Tennessee GOP committee warns governor on special session

(AP Photo/Mark Humphrey, Pool)

If Tennessee Gov. Bill Lee was hoping to bring his fellow Republicans around on the idea of a special session to pass his version of a “red flag” law and other gun-related legislation before officially calling the session into being, his hopes were dashed this weekend when the state’s Republican Party Executive Committee adopted a resolution instead asking the governor to drop his plans altogether.


According to the Chattanooga Free Press, the resolution’s language was suggested by committee member Tina Bensiker, who says she’s concerned that many of the ideas that have been floated would violate the rights of Tennessee residents, while failing to take a bite out of violent crime.

“I feel at this point a lot of this is really emotion as opposed to rational and reasoned,” Benkiser added. “My concern, and a lot of others’ concerns, is that some of the proposals we’ve heard really violate due process of law.

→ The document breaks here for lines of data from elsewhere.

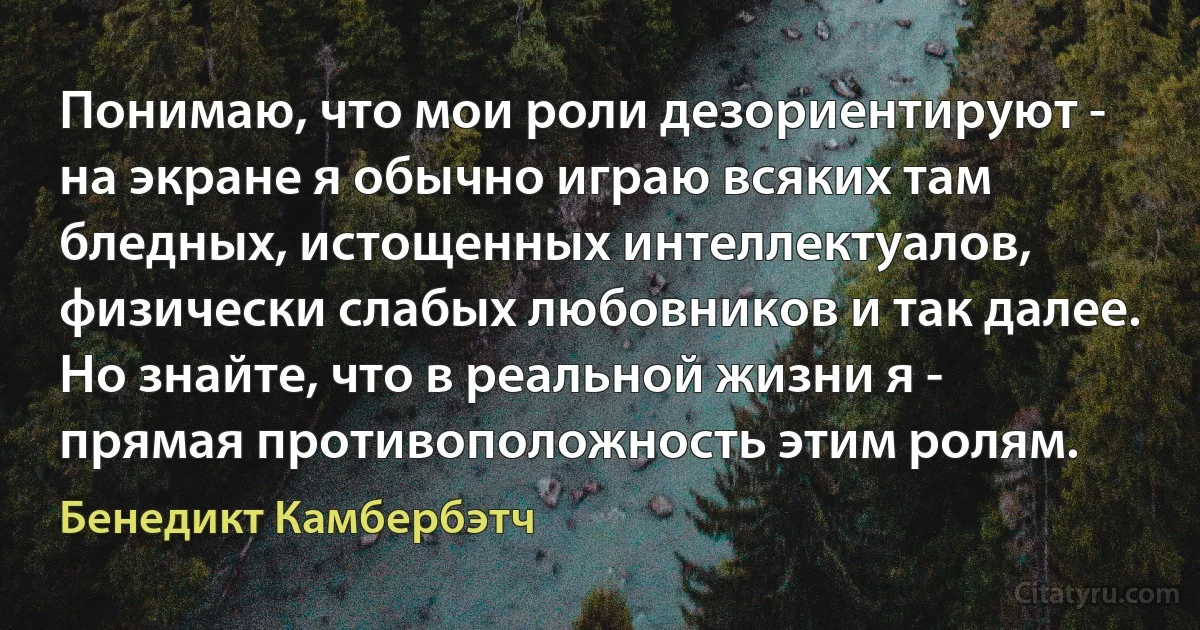 Понимаю, что мои роли дезориентируют - на экране я обычно играю всяких там бледных, истощенных интеллектуалов, физически слабых любовников и так далее. Но знайте, что в реальной жизни я - прямая противоположность этим ролям. (Бенедикт Камбербэтч)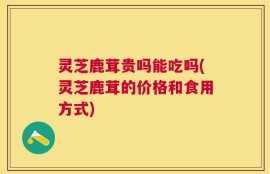 灵芝鹿茸贵吗能吃吗(灵芝鹿茸的价格和食用方式)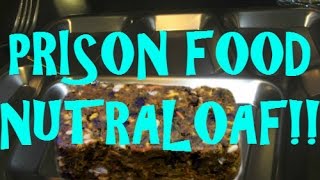 Nutraloaf Recipe  Prison Food  WHAT ARE PRISONERS EATING  The Wolfe Pit [upl. by Albur]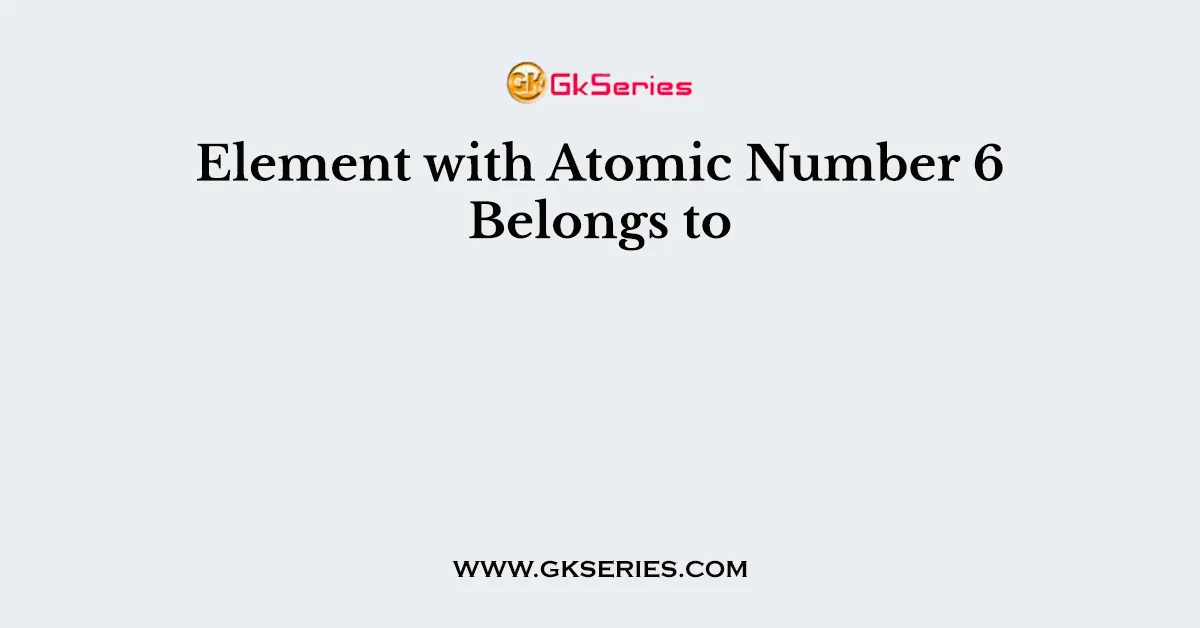 Element with Atomic Number 6 Belongs to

And that is a fundamental concern. And when you start talking about potentially infringing on people’s constitutional rights, that needs to be thought out over a long period of time with people who have thought, debated, looked at the language and fleshed all that out. Not something to be rushed through.”

Benkiser said she hopes Lee will take heed of the GOP action.

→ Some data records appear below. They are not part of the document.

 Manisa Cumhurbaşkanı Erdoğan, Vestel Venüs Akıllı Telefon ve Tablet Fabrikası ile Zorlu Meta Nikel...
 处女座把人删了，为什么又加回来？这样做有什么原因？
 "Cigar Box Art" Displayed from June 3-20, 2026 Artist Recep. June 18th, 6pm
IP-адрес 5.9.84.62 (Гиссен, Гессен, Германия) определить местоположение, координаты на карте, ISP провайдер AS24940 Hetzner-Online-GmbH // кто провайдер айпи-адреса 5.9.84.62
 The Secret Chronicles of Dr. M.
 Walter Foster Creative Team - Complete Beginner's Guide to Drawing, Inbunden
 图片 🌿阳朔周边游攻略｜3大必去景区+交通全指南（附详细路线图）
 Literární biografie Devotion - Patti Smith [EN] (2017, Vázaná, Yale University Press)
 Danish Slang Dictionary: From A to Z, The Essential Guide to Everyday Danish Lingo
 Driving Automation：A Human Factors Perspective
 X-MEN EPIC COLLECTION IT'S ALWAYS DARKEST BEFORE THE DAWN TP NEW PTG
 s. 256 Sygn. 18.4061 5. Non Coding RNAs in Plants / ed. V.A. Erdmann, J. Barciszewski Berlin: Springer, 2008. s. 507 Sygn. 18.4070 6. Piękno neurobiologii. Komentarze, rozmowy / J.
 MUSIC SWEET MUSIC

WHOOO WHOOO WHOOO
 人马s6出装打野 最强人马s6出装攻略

“I understand that people sometimes act out of emotion when something horrendous has happened, as happened here in Nashville, but really to friends of his. I understand that, and I think the natural reaction is to want to do something and to want to do something now. But like I said, when you’re talking about constitutional rights, at the end of the day, you need to take the time to think that out.”

Other committee members are concerned that the statehouse could turn into a circus once the special session gets underway, pointing to the protests on the floor of the state House earlier this year that resulted in the expulsion of two Democratic lawmakers. Those legislators recently won special elections in their heavily Democratic districts and are vowing to introduce a host of gun control measures during the special session, and some on the GOP Executive Committee believe the special session would once again inflame tensions and create a flashpoint for anti-gun activists to rally around.

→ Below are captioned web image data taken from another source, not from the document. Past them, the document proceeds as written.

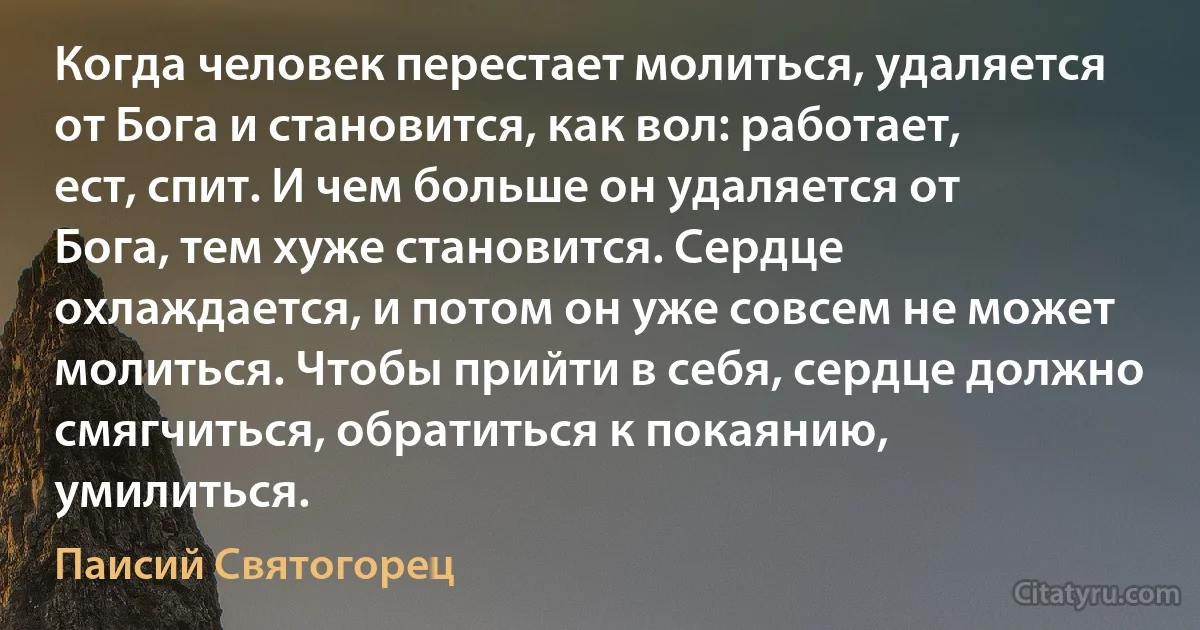 Когда человек перестает молиться, удаляется от Бога и становится, как вол: работает, ест, спит. И чем больше он удаляется от Бога, тем хуже становится. Сердце охлаждается, и потом он уже совсем не может молиться. Чтобы прийти в себя, сердце должно смягчиться, обратиться к покаянию, умилиться. (Паисий Святогорец)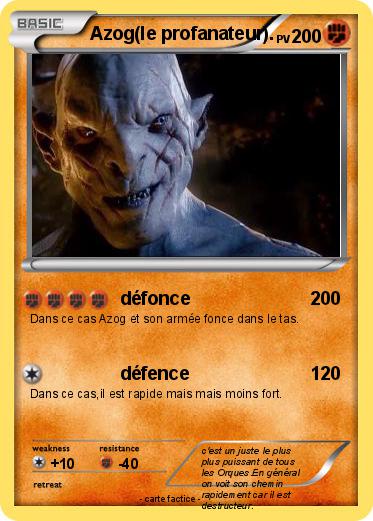 Pokemon Azog(le profanateur).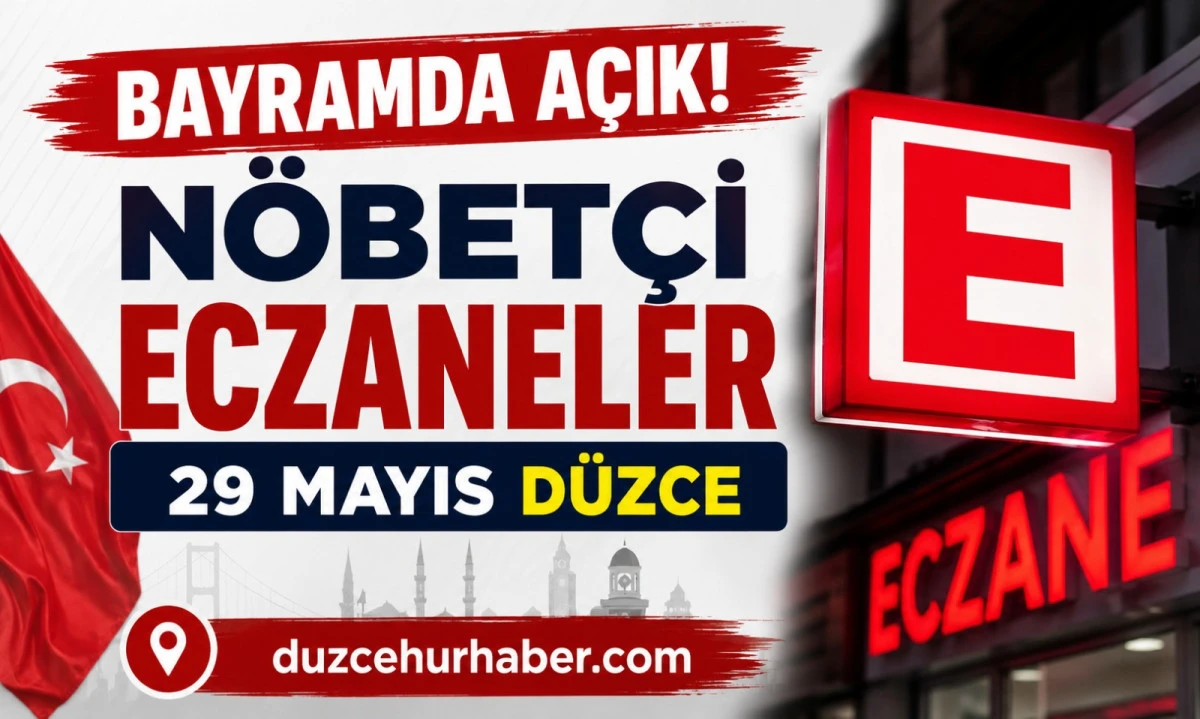 D&uuml;zce N&ouml;bet&ccedil;i Eczaneleri 29 Mayıs 2026 | Bayramda A&ccedil;ık Eczaneler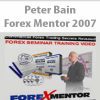 Peter Bain – Forex Mentor 2007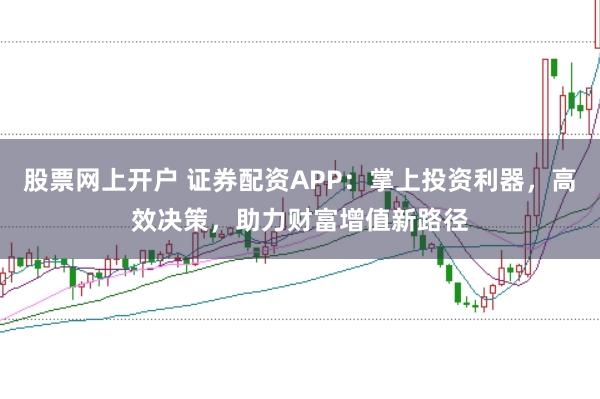 股票网上开户 证券配资APP：掌上投资利器，高效决策，助力财富增值新路径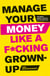 Manage Your Money Like a F*cking Grown-Up - The Best Money Advice You Never Got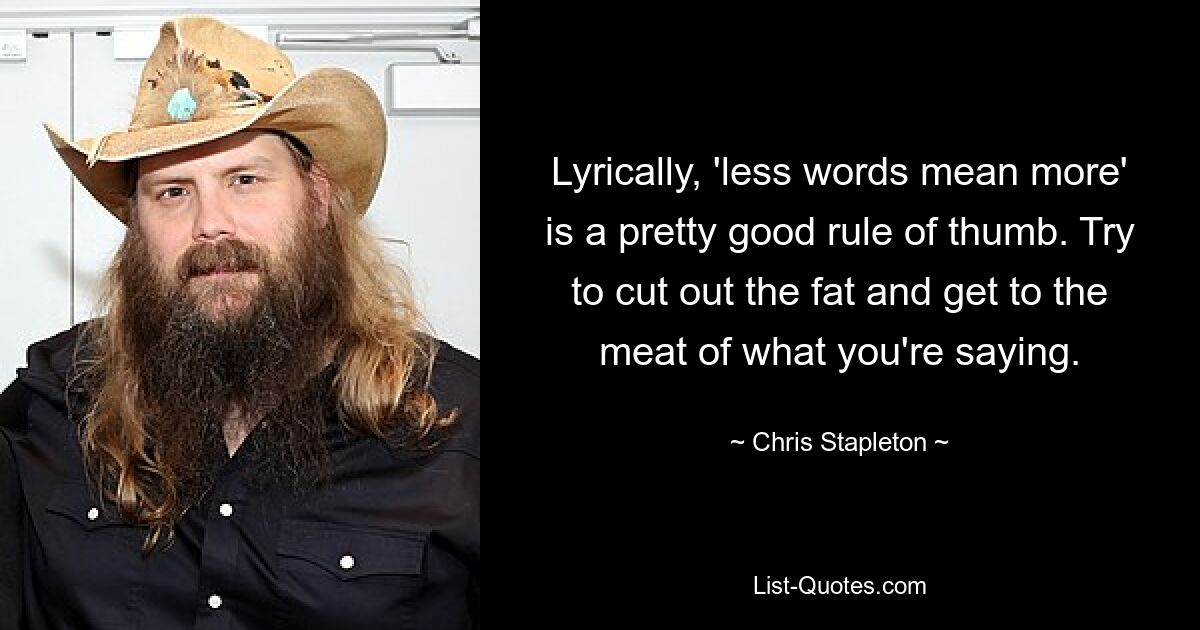 Lyrically, 'less words mean more' is a pretty good rule of thumb. Try to cut out the fat and get to the meat of what you're saying. — © Chris Stapleton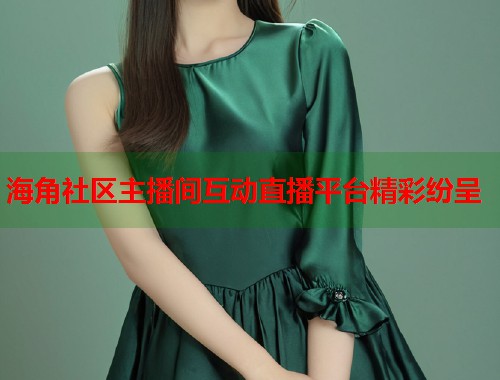 海角社区主播间互动直播平台精彩纷呈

Committee member John Stanbery of Cleveland told the Times Free Press that legislators had an opportunity to pass the order of protection bill when they were in regular session and chose not to.

“So I personally do not know why you would call them back to do something they’ve already rejected,” Stanbery said. “They rejected it by choosing not to do it. Secondly, I think it paints a target on all their backs. I think they’re going to come up here and have to walk a gantlet. And a lot of it will be out-of-state people. And so I think it puts an unreasonable strain not only on government but their safety and security.”

State GOP Chairman Scott Golden told two reporters following the meeting that his sense of executive committee members’ feelings is they’d prefer not to have the special session but be able to address firearms issues during their regular session that starts in January.

“We’ll send [the resolution] as soon as we get the final language and everything, we’ll send it to the governor and all the appropriate officials the sense of where the Republican Party” is, Golden said.

Asked what effect the resolution would have, Golden said he personally has no knowledge of where things stand with Lee. But he noted he had spoken with enough legislators to know they don’t feel comfortable with everything going on.

“So I think our members are very reflective, they talk to their legislators as well, and I think that was the sense of what the Tennessee Republican Party said today,” Golden said.


The governor himself, meanwhile, has been pretty tight-lipped about the particulars of the session, though he’s been holding closed-door meetings with various lawmakers as they strategize on a legislative to-do list. We’re now two weeks away from the supposed start date, and we’ve yet to see any official draft of the governor’s “temporary mental health restraining order” or other gun-related bills. If and when the session begins lawmakers are expected to work swiftly on an  untold number of bills, none of which the public has been able to peruse and comment on.

I don’t know if this resolution will have any effect on the governor’s decision, but the closer we get to August 21st without seeing the particulars of what lawmakers will be proposing, the more opposition we can expect on the ground in Tennessee. Gun owners across the state shouldn’t wait for Lee to make the official call either. Now’s the time to chat up your state representative or senator and demand they hold firm on protecting your Second Amendment rights. If the session does take place there might be some bills worth supporting, like the idea to build nine new state-run mental health facilities to help address the critical shortage of acute mental health care, but any attempt to address violent crime by criminalizing the rights of responsible gun owners should be rejected outright by the legislature’s Republican majority, and those lawmakers need to hear from their constituents now if gun owners are going to survive the session with their rights intact.